> **What you will do**
What this exercise needs is every entry restated as written, with no pictures.

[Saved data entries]
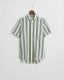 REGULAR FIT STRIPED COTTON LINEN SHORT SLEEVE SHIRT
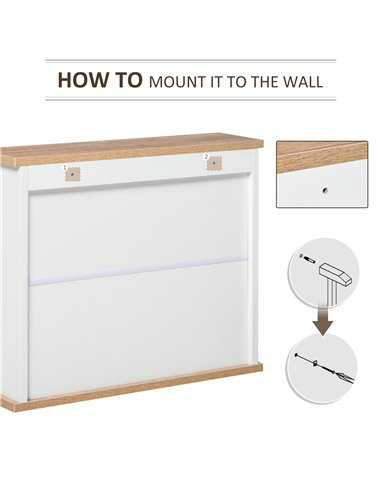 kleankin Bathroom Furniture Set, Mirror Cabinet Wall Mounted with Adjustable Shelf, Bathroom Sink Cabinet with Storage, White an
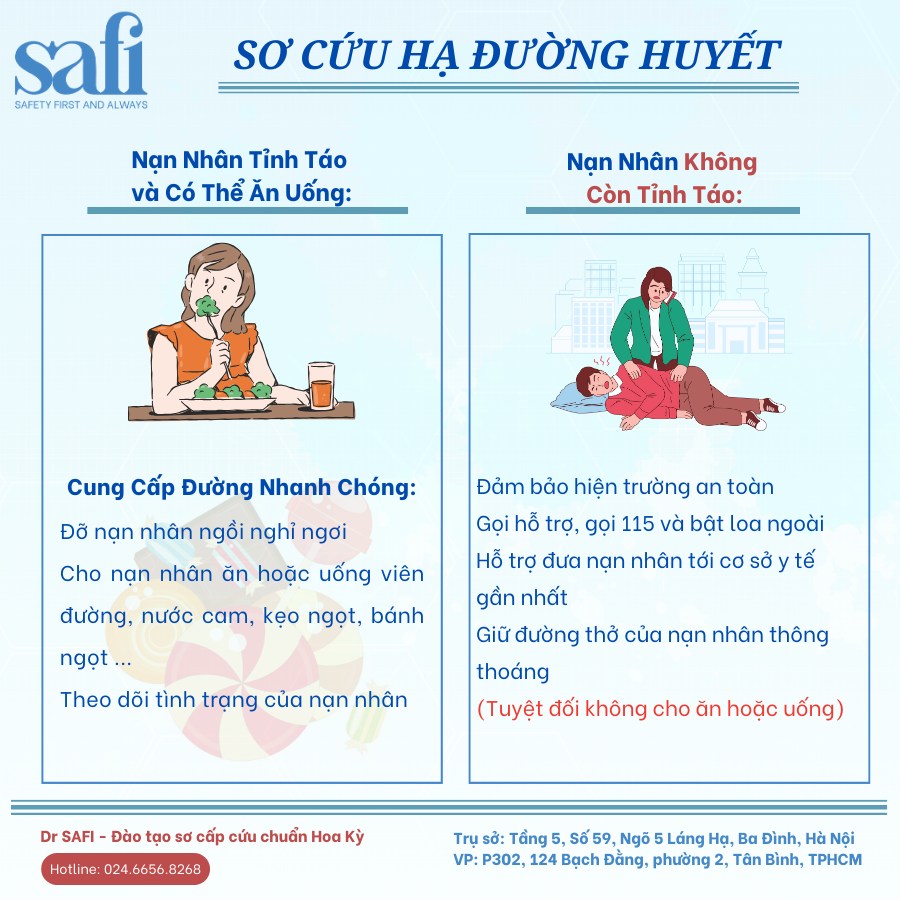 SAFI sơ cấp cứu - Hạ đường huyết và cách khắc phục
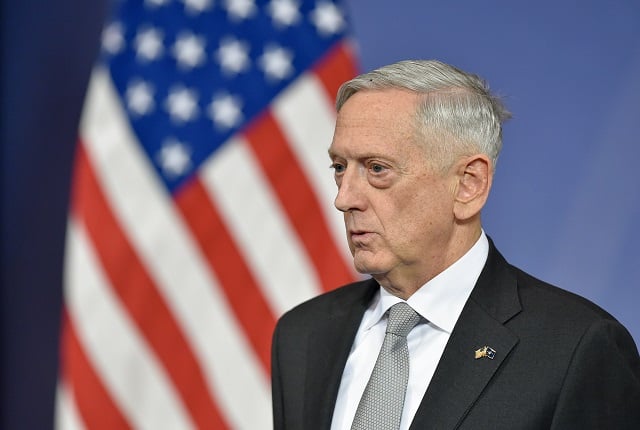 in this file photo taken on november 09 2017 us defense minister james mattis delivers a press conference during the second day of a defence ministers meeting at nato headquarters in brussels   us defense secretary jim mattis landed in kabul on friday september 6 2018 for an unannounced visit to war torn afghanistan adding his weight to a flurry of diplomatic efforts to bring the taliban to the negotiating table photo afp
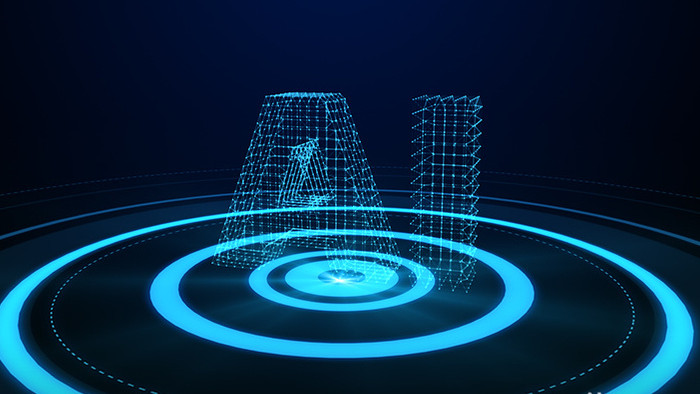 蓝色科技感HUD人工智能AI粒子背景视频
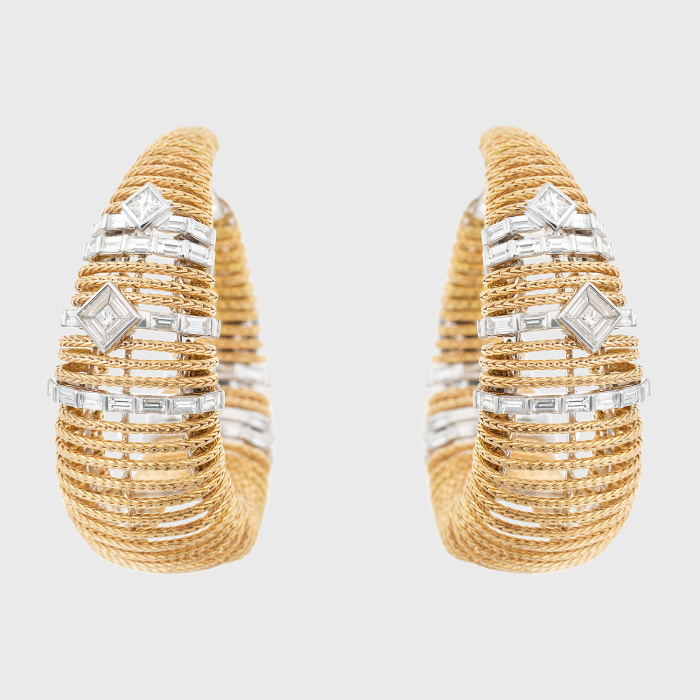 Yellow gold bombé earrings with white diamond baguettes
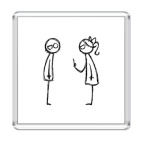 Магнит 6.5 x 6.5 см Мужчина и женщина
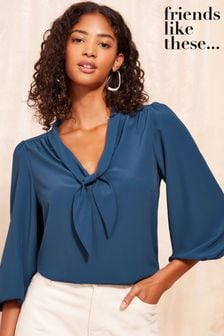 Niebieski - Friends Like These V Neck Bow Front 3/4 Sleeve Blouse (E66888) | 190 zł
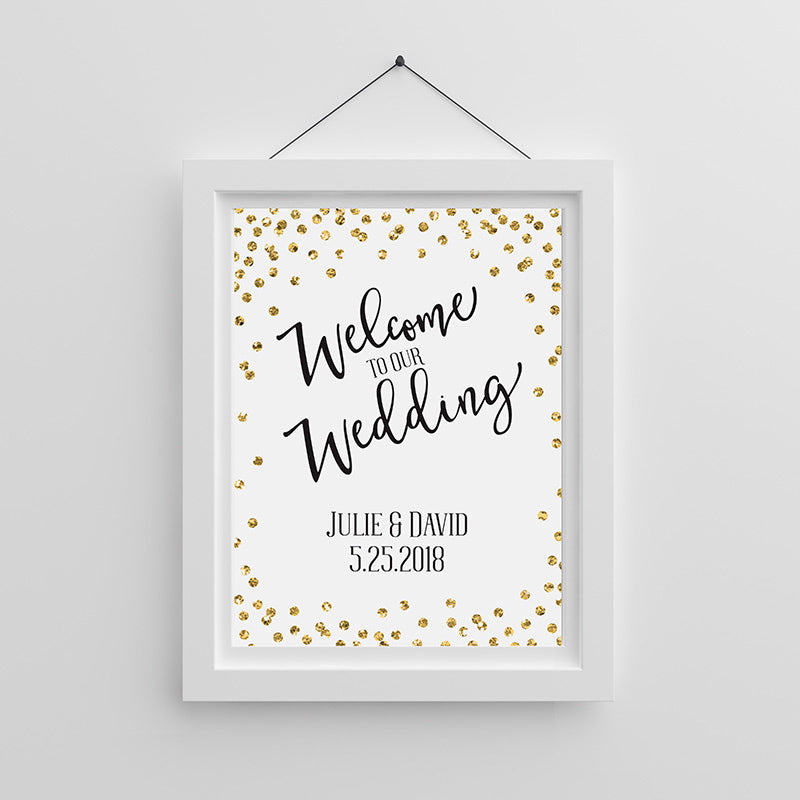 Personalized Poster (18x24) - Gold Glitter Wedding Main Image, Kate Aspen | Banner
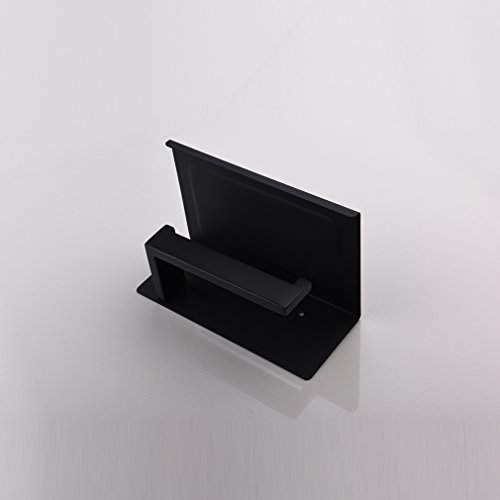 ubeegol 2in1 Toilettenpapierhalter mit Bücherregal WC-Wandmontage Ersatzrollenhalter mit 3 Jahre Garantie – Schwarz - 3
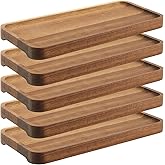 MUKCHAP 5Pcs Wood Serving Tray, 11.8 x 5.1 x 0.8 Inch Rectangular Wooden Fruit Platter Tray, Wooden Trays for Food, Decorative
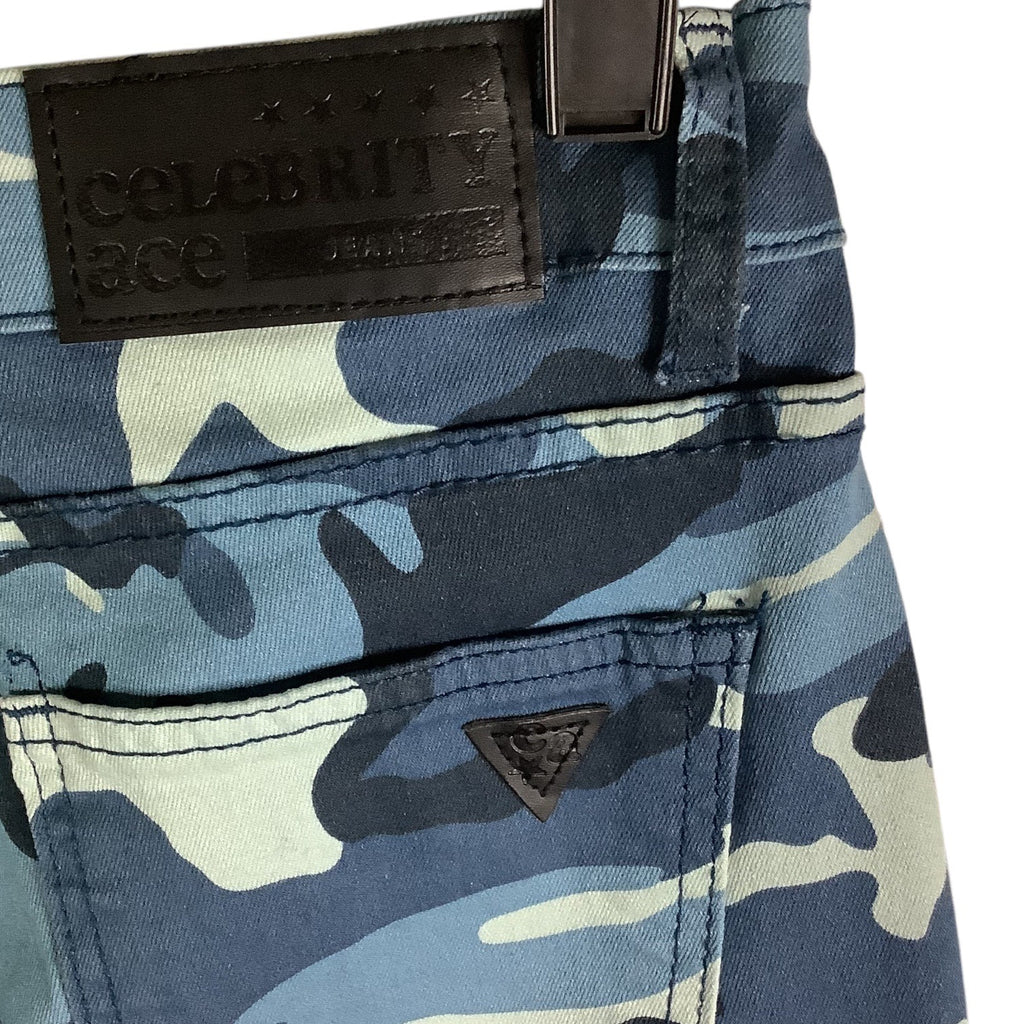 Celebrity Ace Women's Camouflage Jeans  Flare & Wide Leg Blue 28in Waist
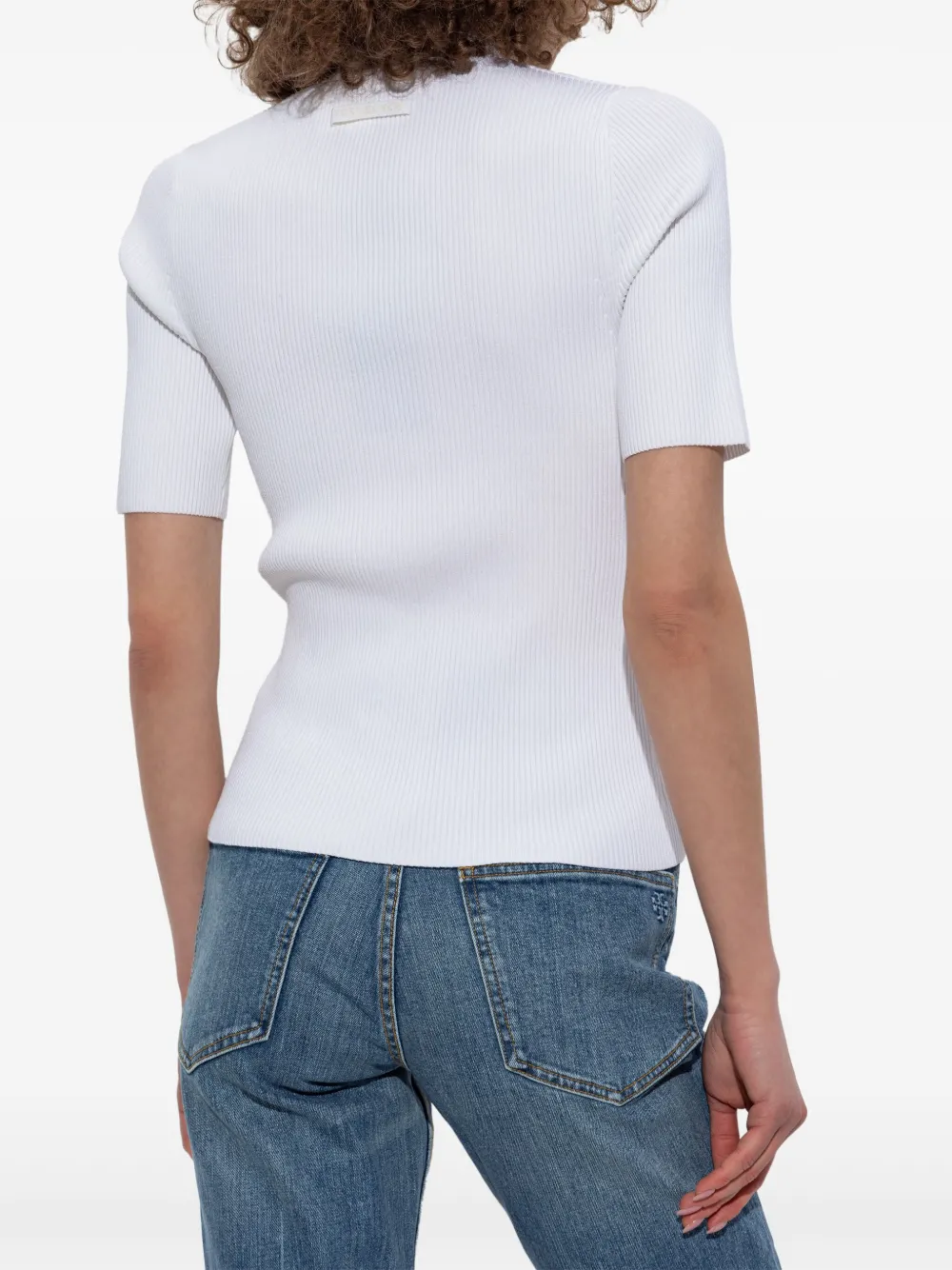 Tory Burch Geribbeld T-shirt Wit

> **Answer to this exercise**
 REGULAR FIT STRIPED COTTON LINEN SHORT SLEEVE SHIRT
 kleankin Bathroom Furniture Set, Mirror Cabinet Wall Mounted with Adjustable Shelf, Bathroom Sink Cabinet with Storage, White an
 SAFI sơ cấp cứu - Hạ đường huyết và cách khắc phục
 in this file photo taken on november 09 2017 us defense minister james mattis delivers a press conference during the second day of a defence ministers meeting at nato headquarters in brussels   us defense secretary jim mattis landed in kabul on friday september 6 2018 for an unannounced visit to war torn afghanistan adding his weight to a flurry of diplomatic efforts to bring the taliban to the negotiating table photo afp
 蓝色科技感HUD人工智能AI粒子背景视频
 Yellow gold bombé earrings with white diamond baguettes
 Магнит 6.5 x 6.5 см Мужчина и женщина
 Niebieski - Friends Like These V Neck Bow Front 3/4 Sleeve Blouse (E66888) | 190 zł
 Personalized Poster (18x24) - Gold Glitter Wedding Main Image, Kate Aspen | Banner
 ubeegol 2in1 Toilettenpapierhalter mit Bücherregal WC-Wandmontage Ersatzrollenhalter mit 3 Jahre Garantie – Schwarz - 3
 MUKCHAP 5Pcs Wood Serving Tray, 11.8 x 5.1 x 0.8 Inch Rectangular Wooden Fruit Platter Tray, Wooden Trays for Food, Decorative
 Celebrity Ace Women's Camouflage Jeans  Flare & Wide Leg Blue 28in Waist
 Tory Burch Geribbeld T-shirt Wit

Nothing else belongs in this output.